The above graph provides annual average snowfall at JFK airport. The highest average snowfall occured in 2003 (0.17 inches), while 1973 and 2023 had the lowest annual average (0.006 in). No obvious linear trends are present in the above graph, and there is a lot of variability in the average annual snowfall from year to year. There is a suggestion in the graph that there are more extreme snowfall years (more high peaks) after 1990 vs before 1990, however further statistical analysis is needed. Because many daily values were 0, annual averages of snowfall may not be the most informative when analyzing changes in climate for this region. However, understanding how snowfall is changing over time at different locations around the world will provide more insight into the effects of climate change both locally and globally, as well as determine whether cyclic patterns exist in snowfall across decadal time scales. Because the data does not look to have a linear trend over time, OLS regression does not seem to be a reasonable model to fit to this data.

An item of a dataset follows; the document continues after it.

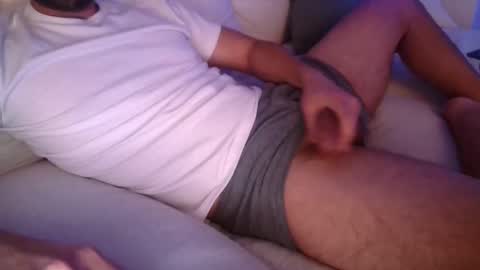 Snapshot of maddaqg12 chatting on 02-12-25, 10:14 idkdude online show from 02-12-25, 10:14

Bonus OLS Regression (however data does not fit assumptions)¶

In [11]:
#Checking OLS assumptions - although OLS does not seem like a reasonable fit to the data based on above graph
ann_snow_df.hist(
    column='SNOW')
Out[11]:
array([[<Axes: title={'center': 'SNOW'}>]], dtype=object)
No description has been provided for this image

Data is a bit skewed (violating normality assumption), and the annual plot did not appear to have a linear trend, however I will try an OLS regression fit just as practice.

In [20]:
# Fit an OLS Linear Regression to the data
# Drop no data values
observations = ann_snow_df.SNOW.dropna()
# Define the dependent variable and independent variable(s)
features = observations.index.year.values.reshape(-1, 1)
response = observations

# Create a Linear Regression model
model = LinearRegression()

# Fit the model 
model.fit(features, response)

# Calculate and print the metrics
print(f'Slope: {model.coef_[0]} inches per year')
Slope: -3.859289176251561e-05 inches per year
In [19]:
# Plot annual average temperature data with a trend line
ax = sns.regplot(
    x=features, 
    y=response,
    line_kws={'color': 'black'}
    )
# Set plot labels
ax.set(
    title='Annual Average Snowfall at JFK Airport, NYC',
    xlabel='Year',
    ylabel='Snowfall (inches)'
)
# Display the plot without extra text
plt.show()
No description has been provided for this image

Clearly the OLS regression is a poor fit to the data, and I would not recommend using it in this way.